Bei der Durchsicht sah ich auf einmal, wieviele Geschichten diese Bilder bei genauerer Betrachtung erzählten, sie ließen viel Raum für eigene Fantasien. 











Zu unserem Freitagstexterbild:
Die junge blonde Schöne in diesem wunderbar frischen Kleid war begleitet von einem etwa doppelt so alten Mann mit chinesischem Aussehen. Sie schlenderten entspannt durch das "Golden Quarter", Graben/Kohlmarkt, der Wiener City. Ich sah sie zuerst von vorne, um mich dann sogleich an ihre Fersen zu heften. Ein so ungleiches wie interessantes Paar.
Schon in meiner Jugendzeit setzte ich mich manchmal mit einer Freundin auf die Mauer bei der Oper, wo wir nichts anderes taten als Passanten anzuschauen und zu raten was für Berufe, Partner, Kinder sie wohl haben würden. Da es nie zur Auflösung kam, weil wir zu feige waren, auch nur eine/n zu fragen, ergingen wir uns in unseren eigenen Fantasien und verglichen unsere Geschichten miteinander. Sowohl meine Freundin, als auch ich ergriffen später Berufe, die eine genaue Beobachtung des Menschen erforderten. Heute sind es oft die Bewegungsabläufe und Körperhaltungen die mich interessieren, aber sicher nicht nur das.

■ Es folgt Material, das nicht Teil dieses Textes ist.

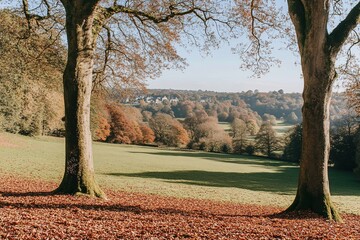 Autumnal park vista; sunlit valley, fall foliage, tranquil scene; ideal for nature calendars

Aber nochmal zurück zum Bild: Ich fands lustig eure Kommentare zu lesen, die Bandbreite bis hin zur Psychiatrie! Euch ging es wohl ähnlich wie mir, wenn man nicht in die Gesichter sehen kann, bekommen die inneren Bilder Beine...



Nun endlich zur Weitergabe des Pokals!

    Wie gesagt: Alle eure Kommentare brachten mich zum schmunzeln! Danke! Ihr habt meinen Tag ein bisschen fröhlicher gemacht und mich staunen lassen.

    Der Pokal geht an: 

Trolleira!!!!

Er hat mich mit seinem Kommentar zum lachen gebracht:  "Komm schon Putzi, da vorne gibt's die Schuhe mit Absätzen!" 

Herzlichen Glückwunsch und viel Spaß bei deiner Bildauswahl für den nächsten Freitagstexter.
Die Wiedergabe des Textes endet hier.